--- Data to use Enclosed Below ---

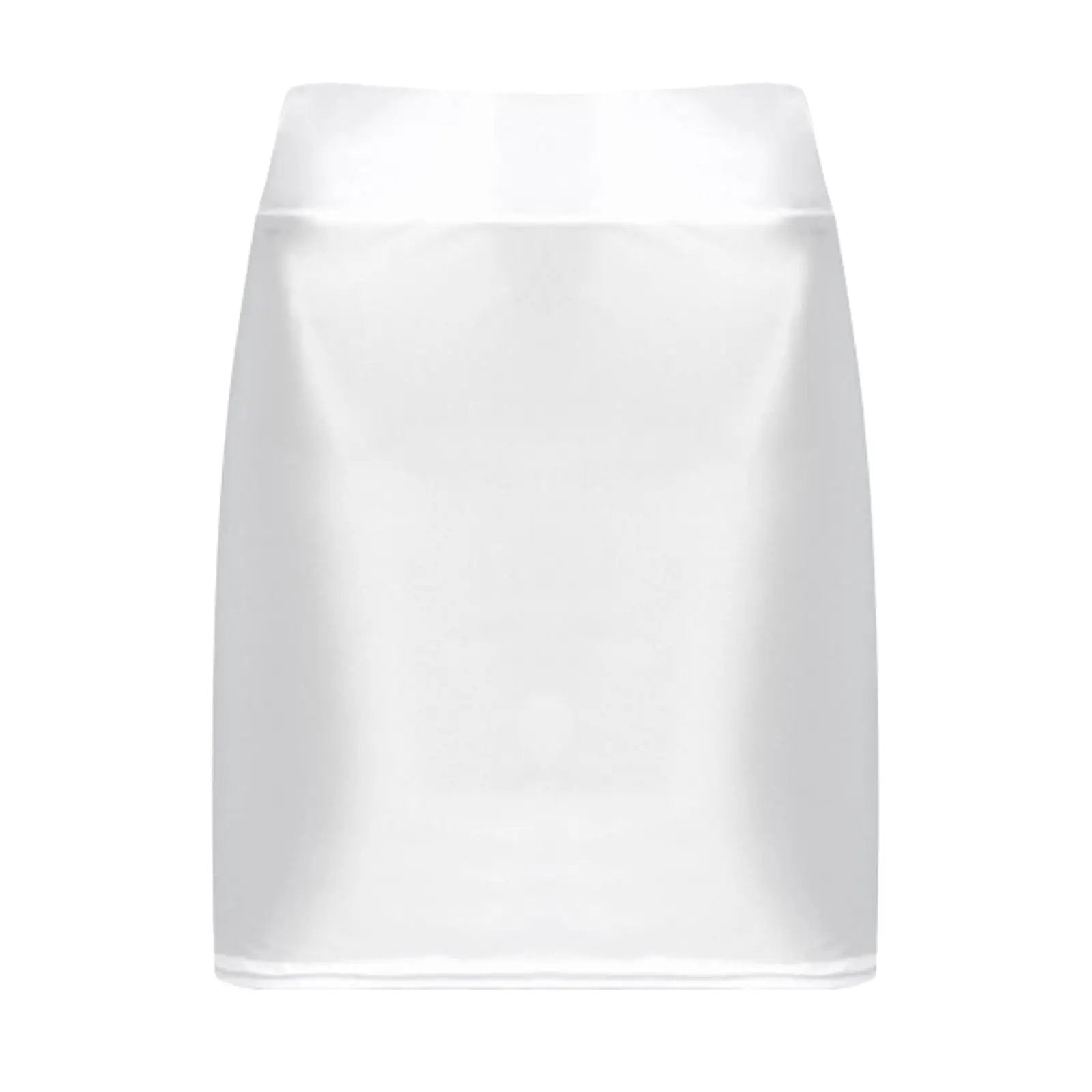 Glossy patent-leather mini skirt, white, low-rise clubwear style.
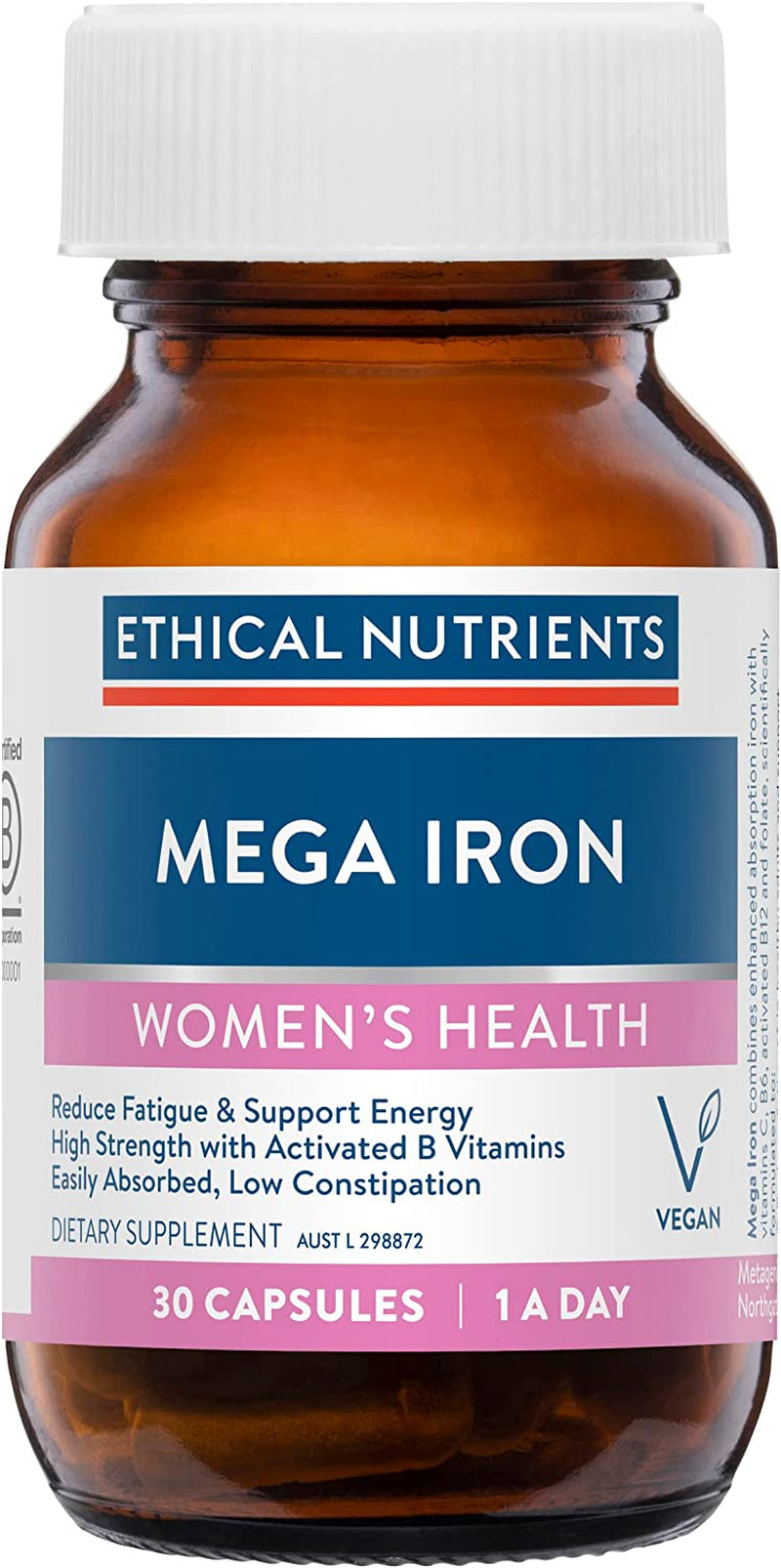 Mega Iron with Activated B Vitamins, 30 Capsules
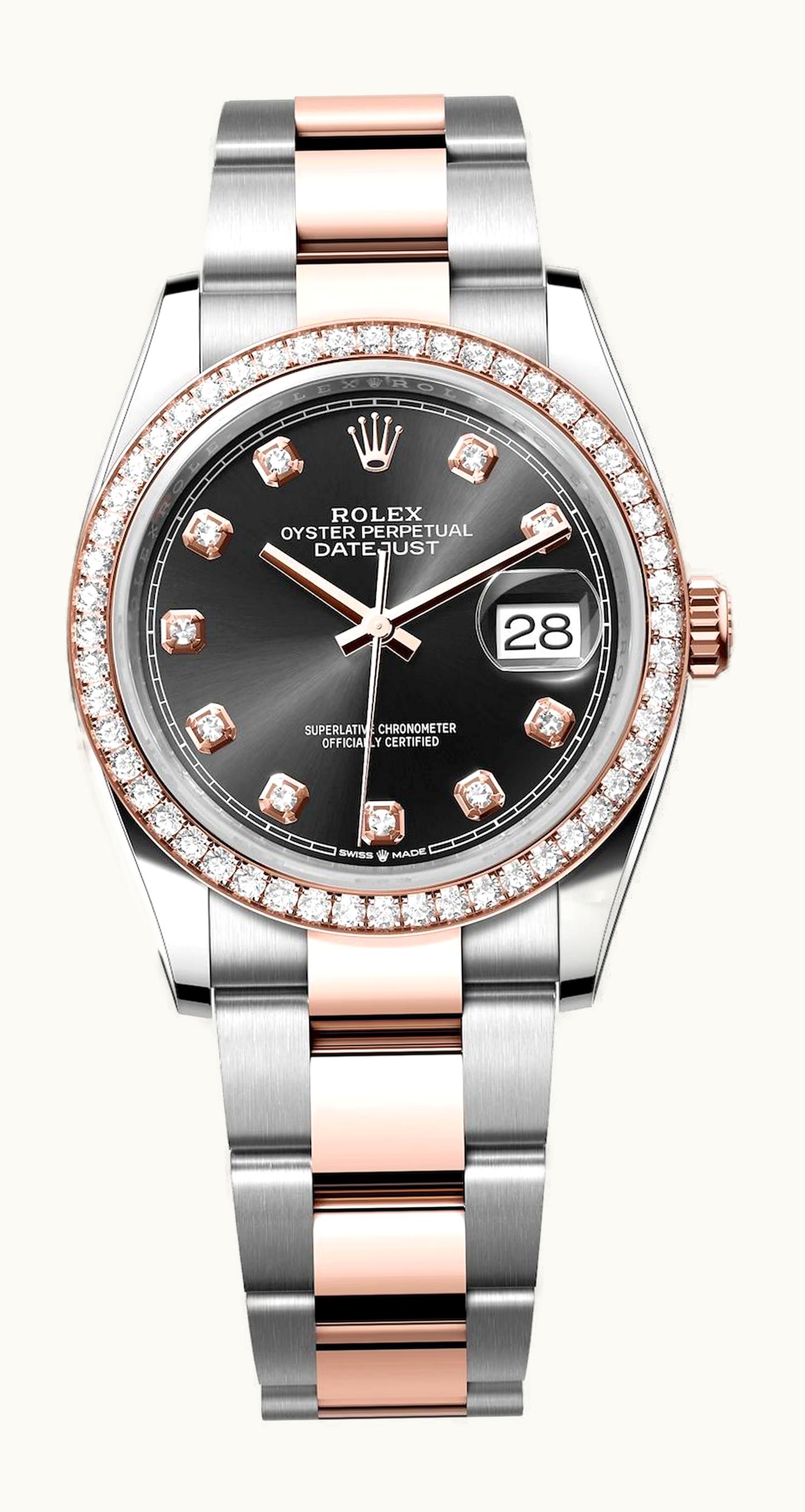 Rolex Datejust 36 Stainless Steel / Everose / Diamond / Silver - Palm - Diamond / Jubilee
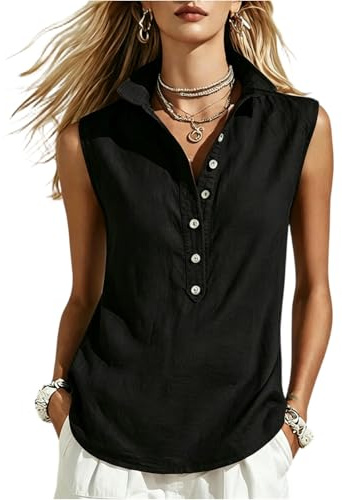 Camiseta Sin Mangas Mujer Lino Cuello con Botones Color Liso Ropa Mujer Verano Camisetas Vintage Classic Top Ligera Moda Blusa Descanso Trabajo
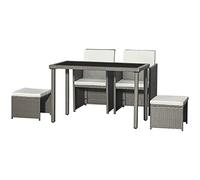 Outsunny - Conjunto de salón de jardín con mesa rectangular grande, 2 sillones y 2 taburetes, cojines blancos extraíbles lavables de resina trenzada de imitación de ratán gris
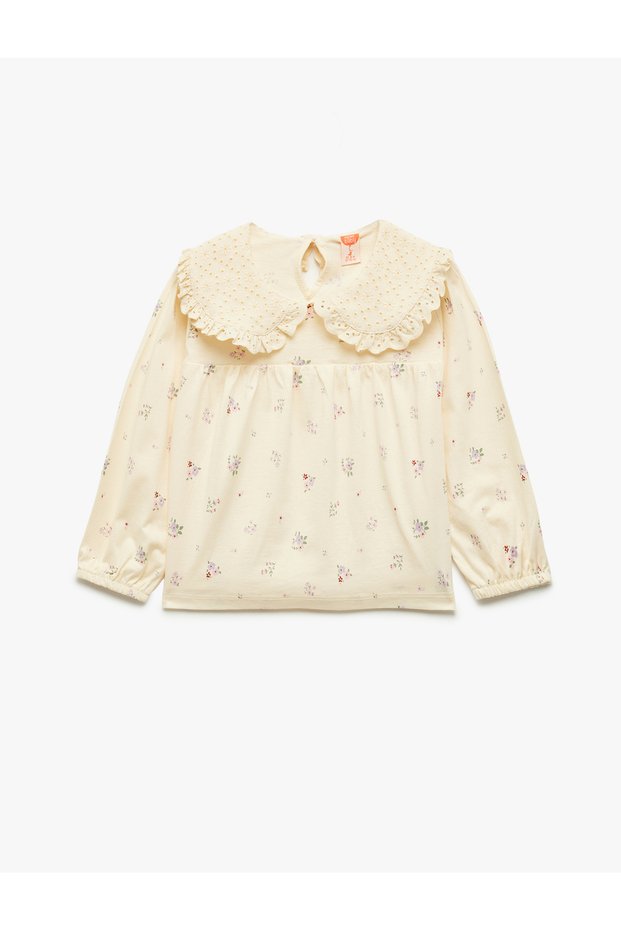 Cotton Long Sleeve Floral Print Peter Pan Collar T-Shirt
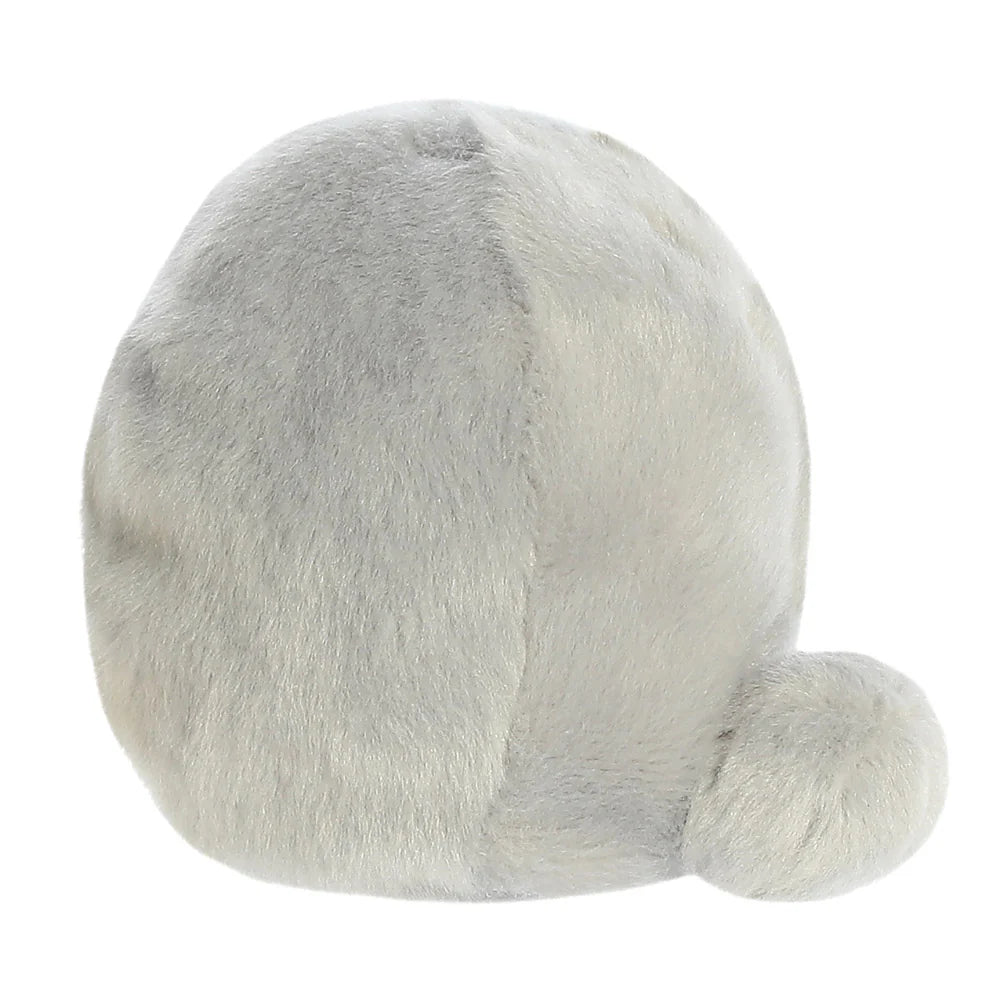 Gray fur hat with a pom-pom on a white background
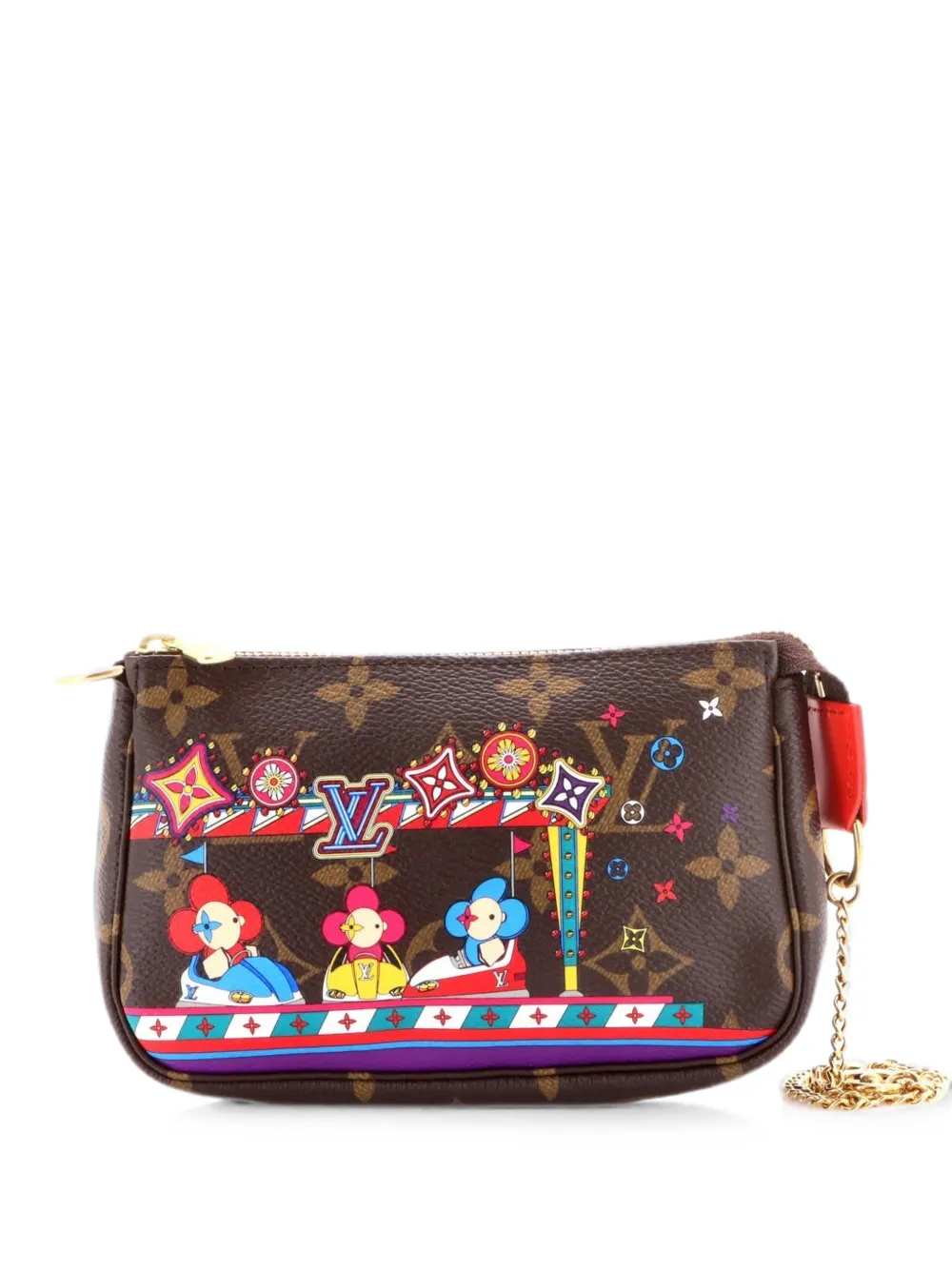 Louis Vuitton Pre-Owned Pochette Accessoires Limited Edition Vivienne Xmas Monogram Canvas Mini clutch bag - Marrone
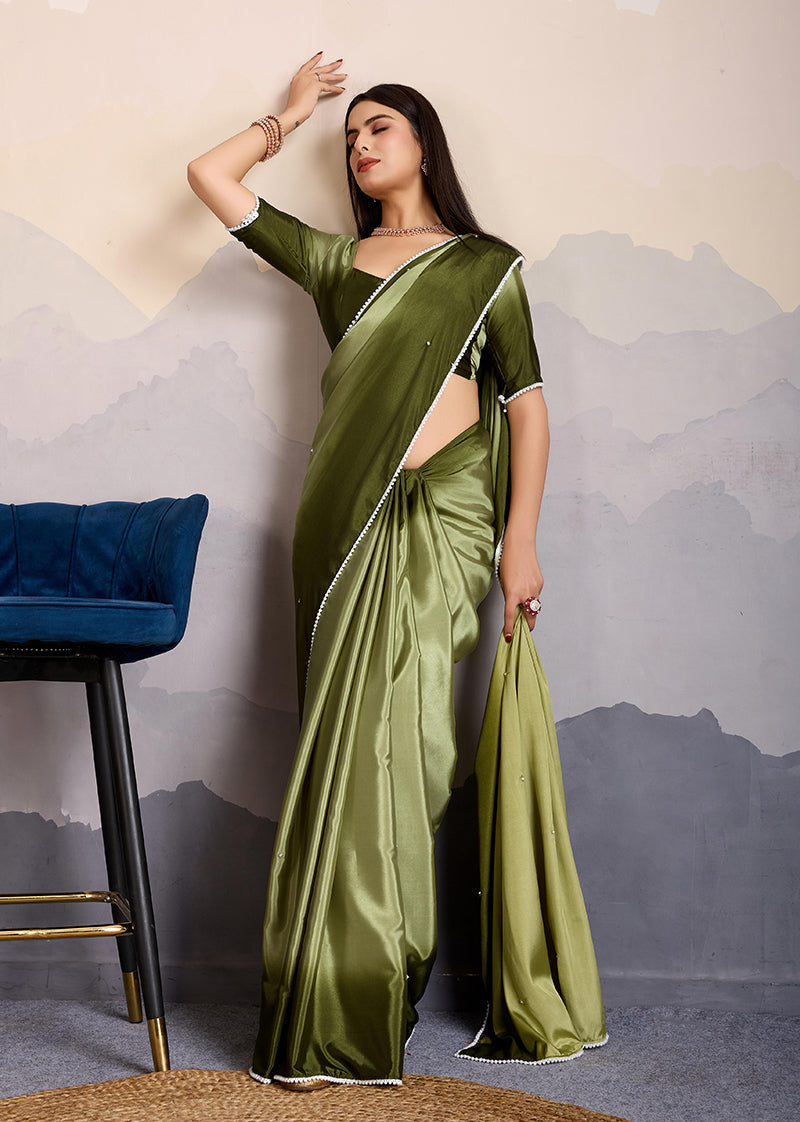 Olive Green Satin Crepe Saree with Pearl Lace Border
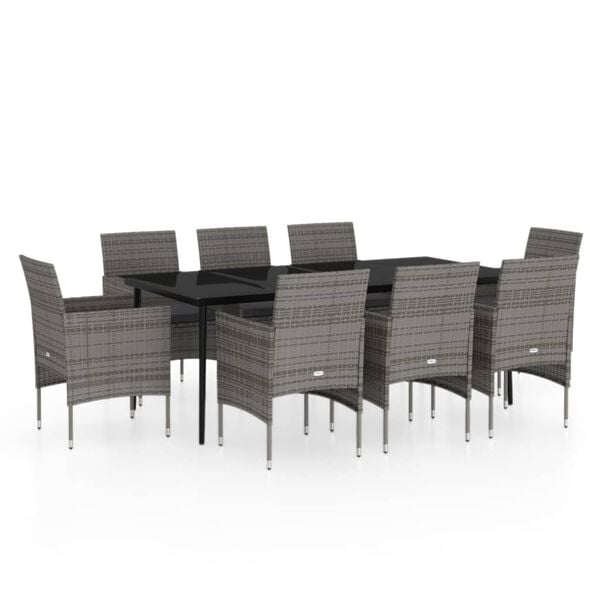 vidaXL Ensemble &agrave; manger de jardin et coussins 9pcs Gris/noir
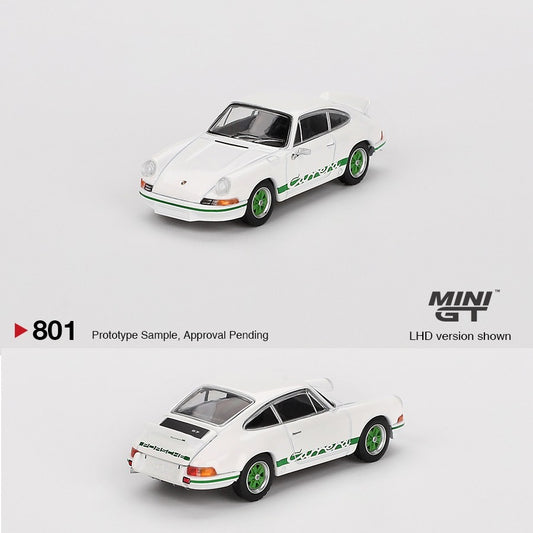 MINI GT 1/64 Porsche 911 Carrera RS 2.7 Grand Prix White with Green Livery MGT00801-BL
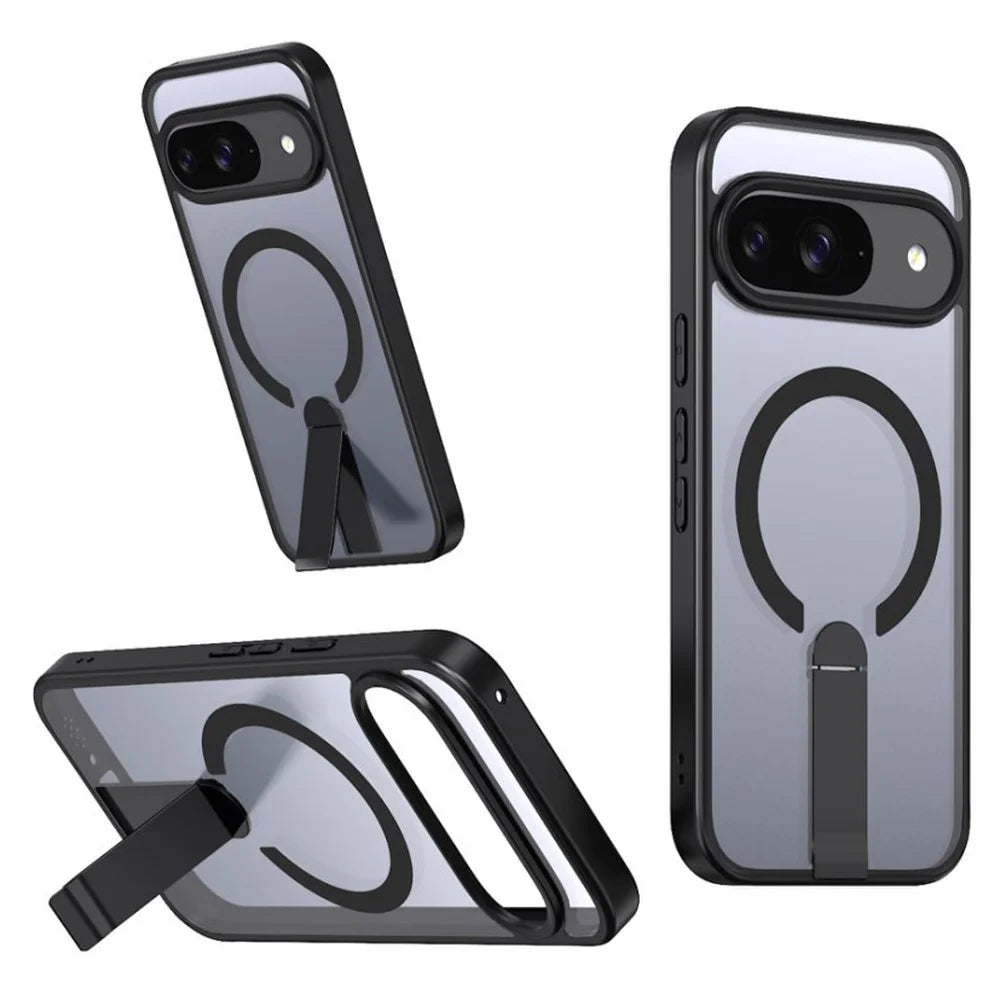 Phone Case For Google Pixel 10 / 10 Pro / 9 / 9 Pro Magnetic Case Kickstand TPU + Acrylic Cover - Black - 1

--- End of Enclosed Data to use ---

The entries are to be printed exactly as written; the pictures are to be left out.

 Glossy patent-leather mini skirt, white, low-rise clubwear style.
 Mega Iron with Activated B Vitamins, 30 Capsules
 Rolex Datejust 36 Stainless Steel / Everose / Diamond / Silver - Palm - Diamond / Jubilee
 Camiseta Sin Mangas Mujer Lino Cuello con Botones Color Liso Ropa Mujer Verano Camisetas Vintage Classic Top Ligera Moda Blusa Descanso Trabajo
 Outsunny - Conjunto de salón de jardín con mesa rectangular grande, 2 sillones y 2 taburetes, cojines blancos extraíbles lavables de resina trenzada de imitación de ratán gris
 Cotton Long Sleeve Floral Print Peter Pan Collar T-Shirt
 Gray fur hat with a pom-pom on a white background
 Louis Vuitton Pre-Owned Pochette Accessoires Limited Edition Vivienne Xmas Monogram Canvas Mini clutch bag - Marrone
 Olive Green Satin Crepe Saree with Pearl Lace Border
 vidaXL Ensemble &agrave; manger de jardin et coussins 9pcs Gris/noir
 MINI GT 1/64 Porsche 911 Carrera RS 2.7 Grand Prix White with Green Livery MGT00801-BL
 Phone Case For Google Pixel 10 / 10 Pro / 9 / 9 Pro Magnetic Case Kickstand TPU + Acrylic Cover - Black - 1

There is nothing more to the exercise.